The tournament was conceived as something of an experiment in simultaneously returning to "classical" regular difficulty and maintaining a thorough emphasis on "curricular" content in all subjects—maintaining a relationship to college curricula like that of advanced high school sets to high school curricula. Thus, the distribution was slightly recalibrated. Following on its success at STIMPY, the arts distribution was reconfigured as 1/1 each "visual," "auditory," and "other" (rather than the usual "painting," "classical music," "other" split). Moreover, the "thought" portion of the distribution was expanded, with economics and psychology filling the traditional 1/1 social science, and an additional 0.5/0.5 other social sciences, as well as 0.5/0.5 "other thought" (literary criticism, art history, historiography, etc.) in the style of Will Holub-Moorman and Jacob Reed's 2015 VICO tournament.

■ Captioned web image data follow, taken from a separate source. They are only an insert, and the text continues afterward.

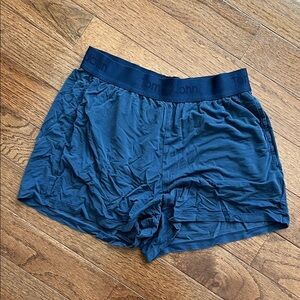 Women’s Tommy John Navy Boxer Shorts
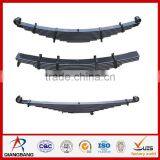 Conventional Rear Travel Trailer Leaf Spring Assembly thumbnail-5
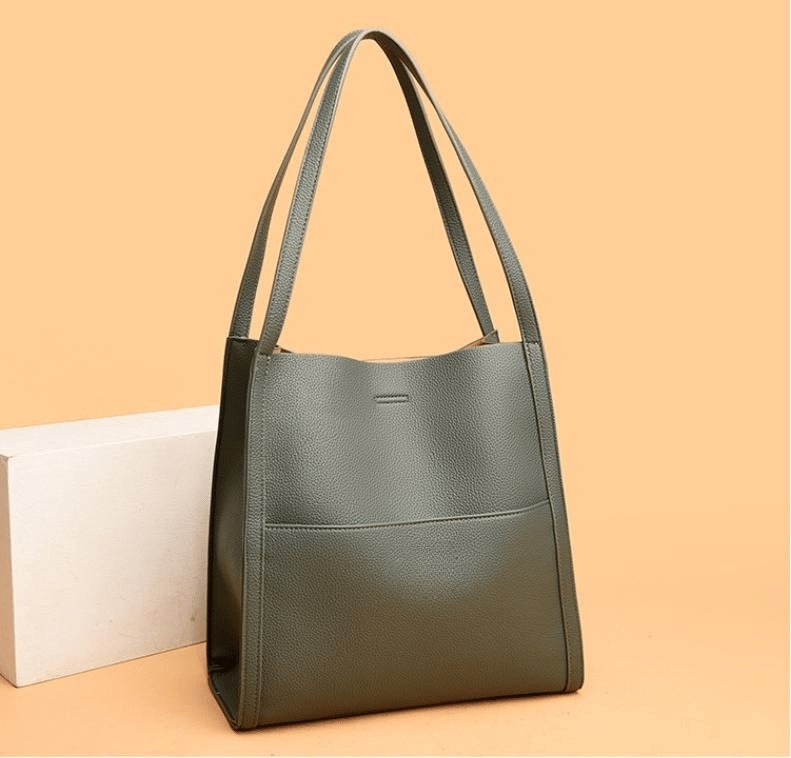 Stijlvolle Schouder Tas Belle Bag Modieus Design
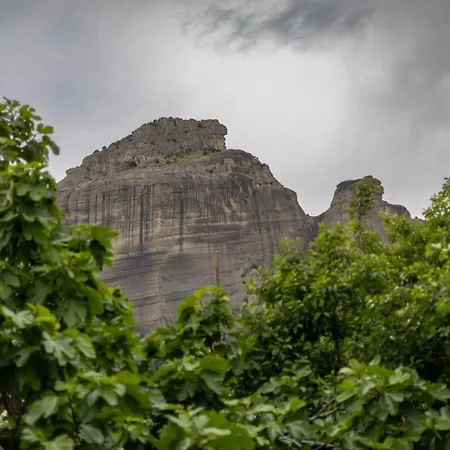 La Casa Nikol Meteora Apartament *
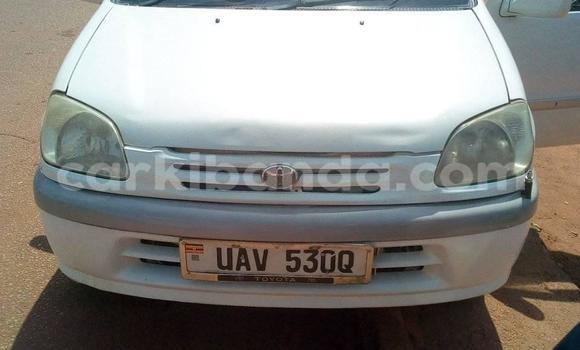 Buy Used Toyota Raum White Car in Kampala in Uganda Buy Used Toyota Raum White Car in Kampala in Uganda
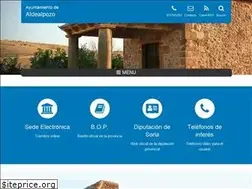 Sites similar to aldealpozo.es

As a result of this expansion, the mythology and "other" (current events, geography, other academic, trash) were both shrunk to 0.5/0.5. Additionally, about 2/3 of the psychology was written from a neuroscience perspective.
The tournament was largely well-received, particularly Stephen Eltinge's physics; complaints largely concerned the difficulty of some of the history and "thought" (especially the philosophy and historiography).
The Northwestern mirror has been called the strongest closed site of any tournament in modern quizbowl history, as it featured both of that season's national champions, and every team got 20+ PPB.